# Task goal:
Give each line of the records again exactly and omit every picture.

# The data:
+++++

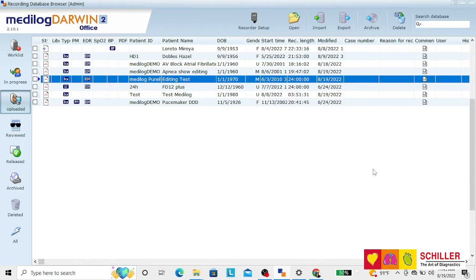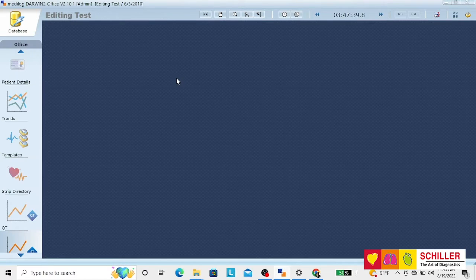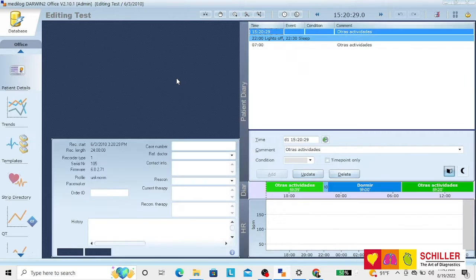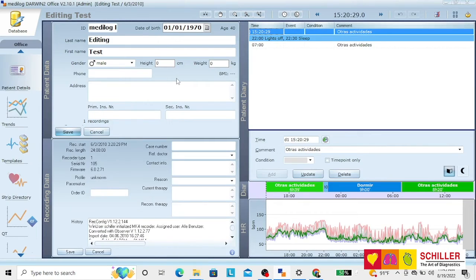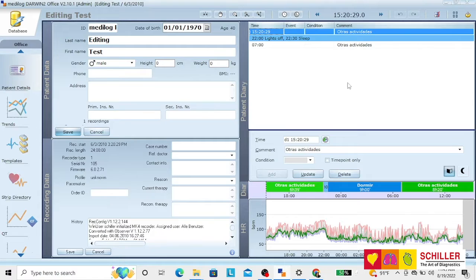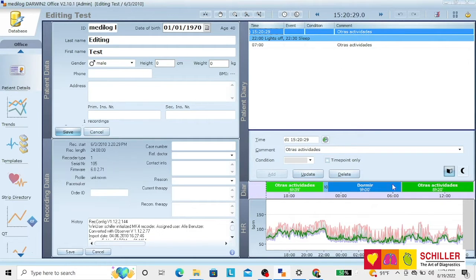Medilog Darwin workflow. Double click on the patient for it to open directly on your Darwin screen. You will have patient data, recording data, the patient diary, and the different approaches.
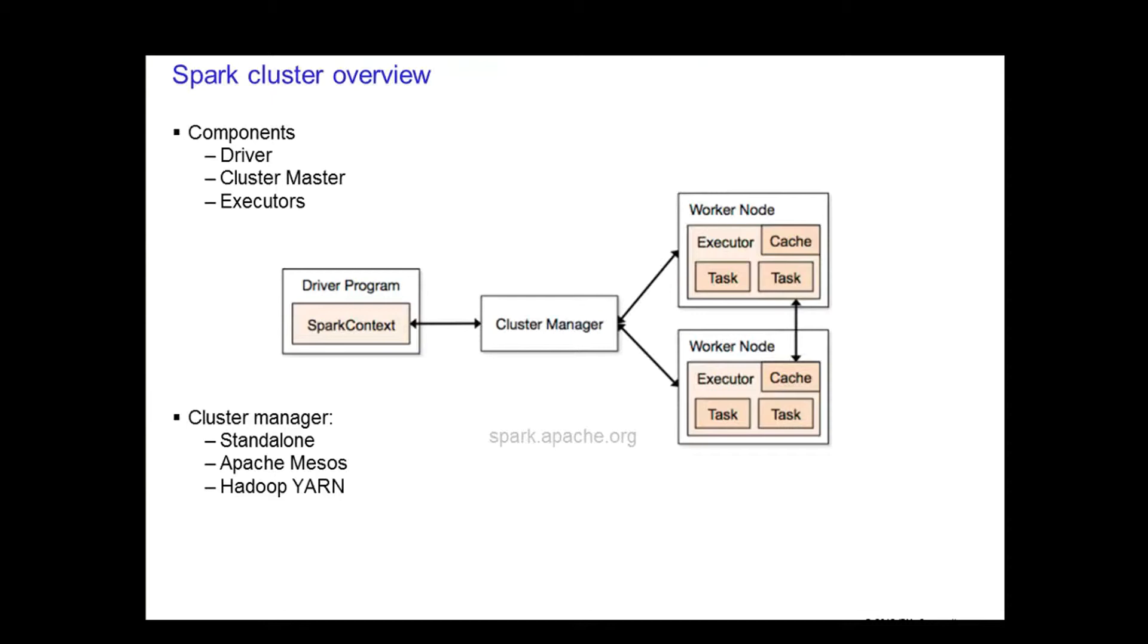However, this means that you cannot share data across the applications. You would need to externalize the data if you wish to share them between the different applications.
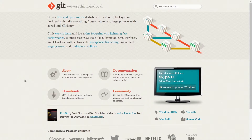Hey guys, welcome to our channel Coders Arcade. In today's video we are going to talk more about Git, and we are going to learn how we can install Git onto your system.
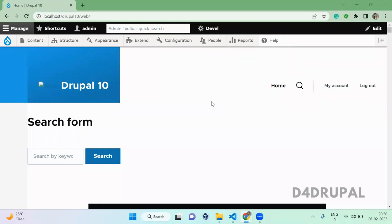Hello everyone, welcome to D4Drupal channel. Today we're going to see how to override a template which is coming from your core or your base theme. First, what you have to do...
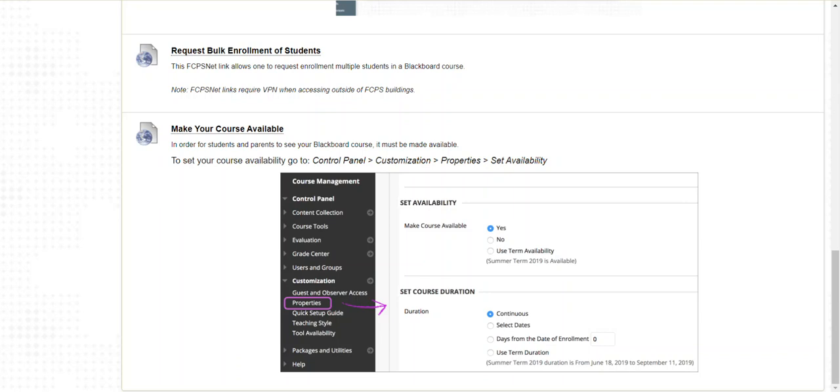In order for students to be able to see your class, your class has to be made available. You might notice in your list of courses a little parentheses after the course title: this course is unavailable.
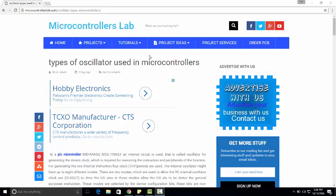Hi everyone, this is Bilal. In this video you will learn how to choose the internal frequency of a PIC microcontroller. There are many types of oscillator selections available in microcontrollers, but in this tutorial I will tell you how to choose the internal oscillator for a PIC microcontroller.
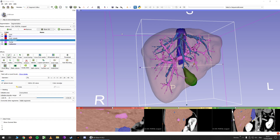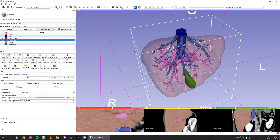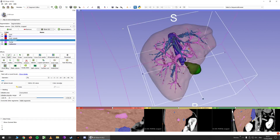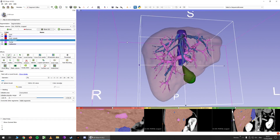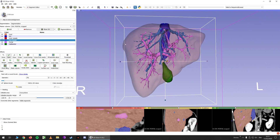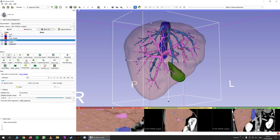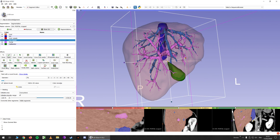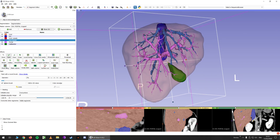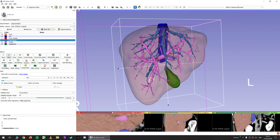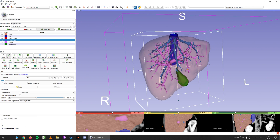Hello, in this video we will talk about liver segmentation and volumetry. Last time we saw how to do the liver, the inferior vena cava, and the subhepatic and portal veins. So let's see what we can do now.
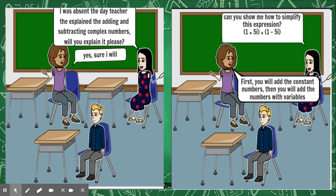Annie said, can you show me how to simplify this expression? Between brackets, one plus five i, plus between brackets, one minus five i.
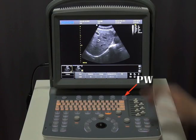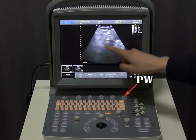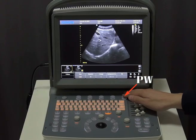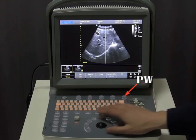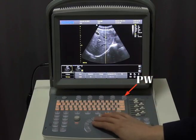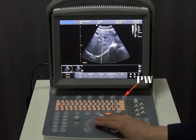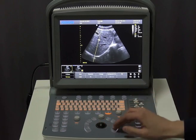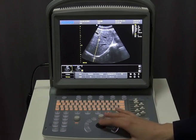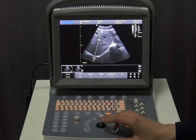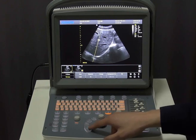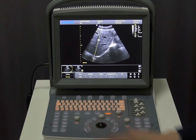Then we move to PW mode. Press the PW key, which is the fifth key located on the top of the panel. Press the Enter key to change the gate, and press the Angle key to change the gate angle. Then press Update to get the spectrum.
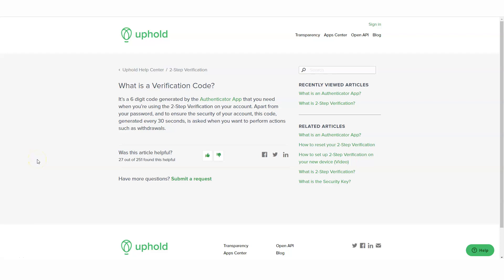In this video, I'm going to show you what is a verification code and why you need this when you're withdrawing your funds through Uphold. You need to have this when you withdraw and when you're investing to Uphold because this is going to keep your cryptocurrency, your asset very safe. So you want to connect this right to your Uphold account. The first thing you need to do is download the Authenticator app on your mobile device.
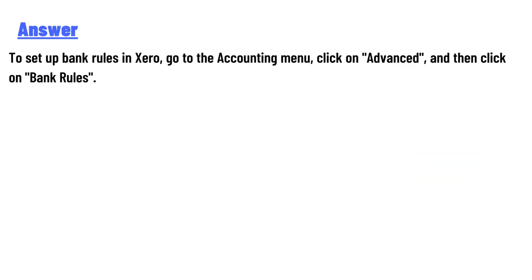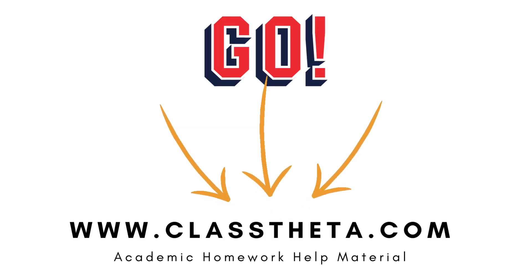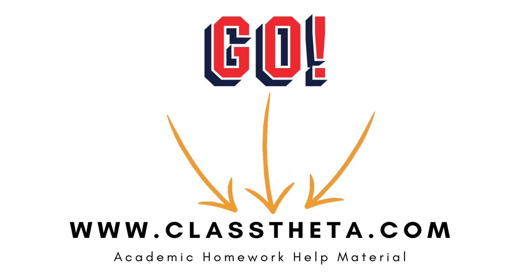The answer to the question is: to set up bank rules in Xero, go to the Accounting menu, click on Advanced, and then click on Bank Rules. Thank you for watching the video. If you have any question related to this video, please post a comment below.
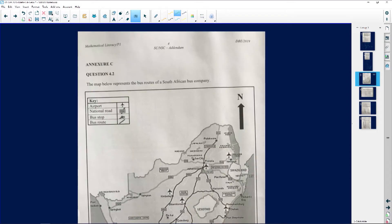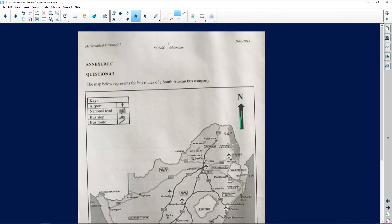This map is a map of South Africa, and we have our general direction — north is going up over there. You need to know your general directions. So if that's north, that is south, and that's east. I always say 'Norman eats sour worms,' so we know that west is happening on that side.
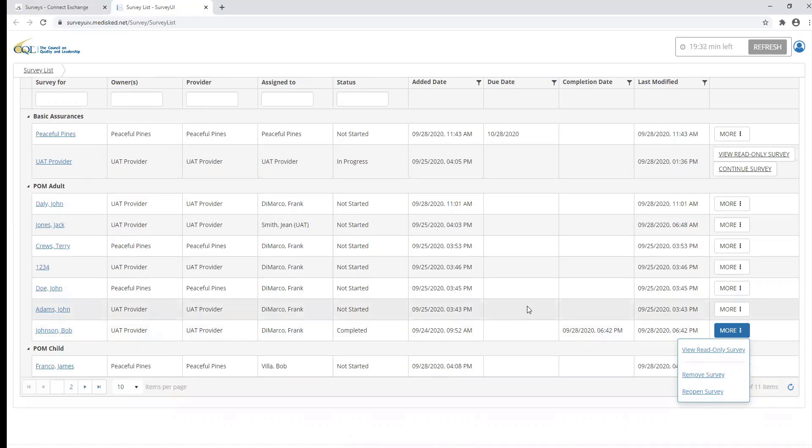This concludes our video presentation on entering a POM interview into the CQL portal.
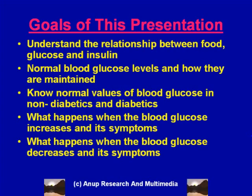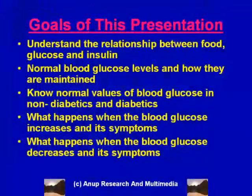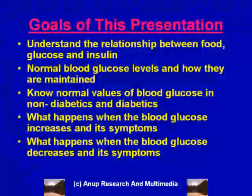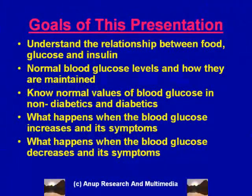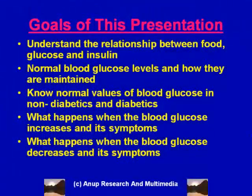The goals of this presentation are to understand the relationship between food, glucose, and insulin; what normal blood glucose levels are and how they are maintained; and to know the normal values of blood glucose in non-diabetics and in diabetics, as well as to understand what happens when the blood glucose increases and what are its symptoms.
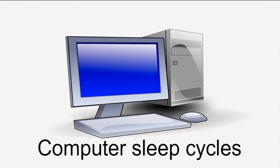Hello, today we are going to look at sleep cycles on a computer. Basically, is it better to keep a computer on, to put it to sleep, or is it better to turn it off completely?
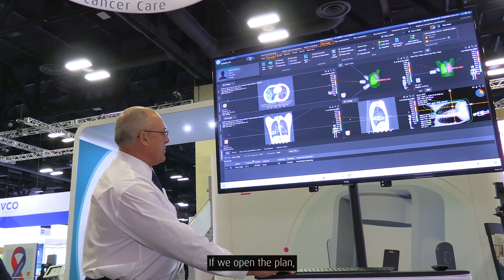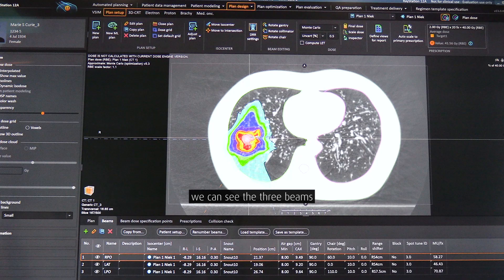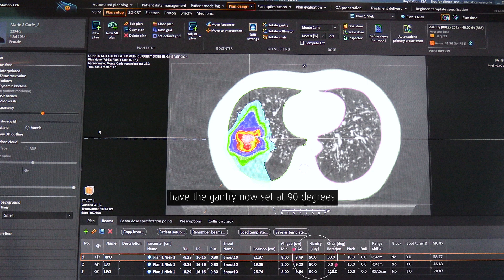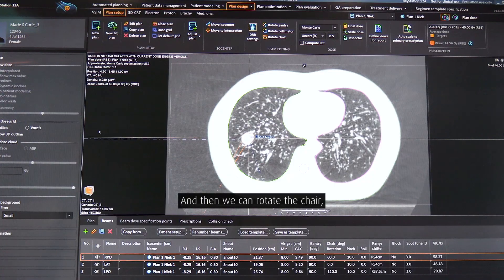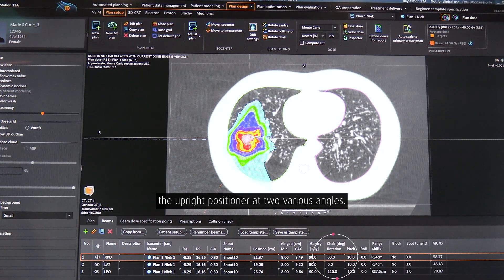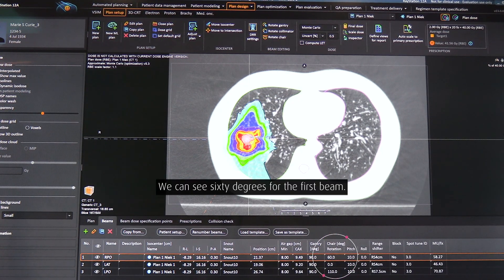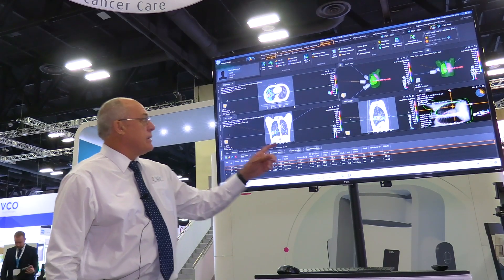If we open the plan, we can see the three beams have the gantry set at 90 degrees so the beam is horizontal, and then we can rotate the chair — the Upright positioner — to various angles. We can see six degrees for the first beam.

+++++

# Answer to this task:
Medilog Darwin workflow. Double click on the patient for it to open directly on your Darwin screen. You will have patient data, recording data, the patient diary, and the different approaches.
However, this means that you cannot share data across the applications. You would need to externalize the data if you wish to share them between the different applications.
Hey guys, welcome to our channel Coders Arcade. In today's video we are going to talk more about Git, and we are going to learn how we can install Git onto your system.
Hello everyone, welcome to D4Drupal channel. Today we're going to see how to override a template which is coming from your core or your base theme. First, what you have to do...
In order for students to be able to see your class, your class has to be made available. You might notice in your list of courses a little parentheses after the course title: this course is unavailable.
Hi everyone, this is Bilal. In this video you will learn how to choose the internal frequency of a PIC microcontroller. There are many types of oscillator selections available in microcontrollers, but in this tutorial I will tell you how to choose the internal oscillator for a PIC microcontroller.
Hello, in this video we will talk about liver segmentation and volumetry. Last time we saw how to do the liver, the inferior vena cava, and the subhepatic and portal veins. So let's see what we can do now.
Annie said, can you show me how to simplify this expression? Between brackets, one plus five i, plus between brackets, one minus five i.
Then we move to PW mode. Press the PW key, which is the fifth key located on the top of the panel. Press the Enter key to change the gate, and press the Angle key to change the gate angle. Then press Update to get the spectrum.
In this video, I'm going to show you what is a verification code and why you need this when you're withdrawing your funds through Uphold. You need to have this when you withdraw and when you're investing to Uphold because this is going to keep your cryptocurrency, your asset very safe. So you want to connect this right to your Uphold account. The first thing you need to do is download the Authenticator app on your mobile device.
The answer to the question is: to set up bank rules in Xero, go to the Accounting menu, click on Advanced, and then click on Bank Rules. Thank you for watching the video. If you have any question related to this video, please post a comment below.
This map is a map of South Africa, and we have our general direction — north is going up over there. You need to know your general directions. So if that's north, that is south, and that's east. I always say 'Norman eats sour worms,' so we know that west is happening on that side.
This concludes our video presentation on entering a POM interview into the CQL portal.
The goals of this presentation are to understand the relationship between food, glucose, and insulin; what normal blood glucose levels are and how they are maintained; and to know the normal values of blood glucose in non-diabetics and in diabetics, as well as to understand what happens when the blood glucose increases and what are its symptoms.
Hello, today we are going to look at sleep cycles on a computer. Basically, is it better to keep a computer on, to put it to sleep, or is it better to turn it off completely?
If we open the plan, we can see the three beams have the gantry set at 90 degrees so the beam is horizontal, and then we can rotate the chair — the Upright positioner — to various angles. We can see six degrees for the first beam.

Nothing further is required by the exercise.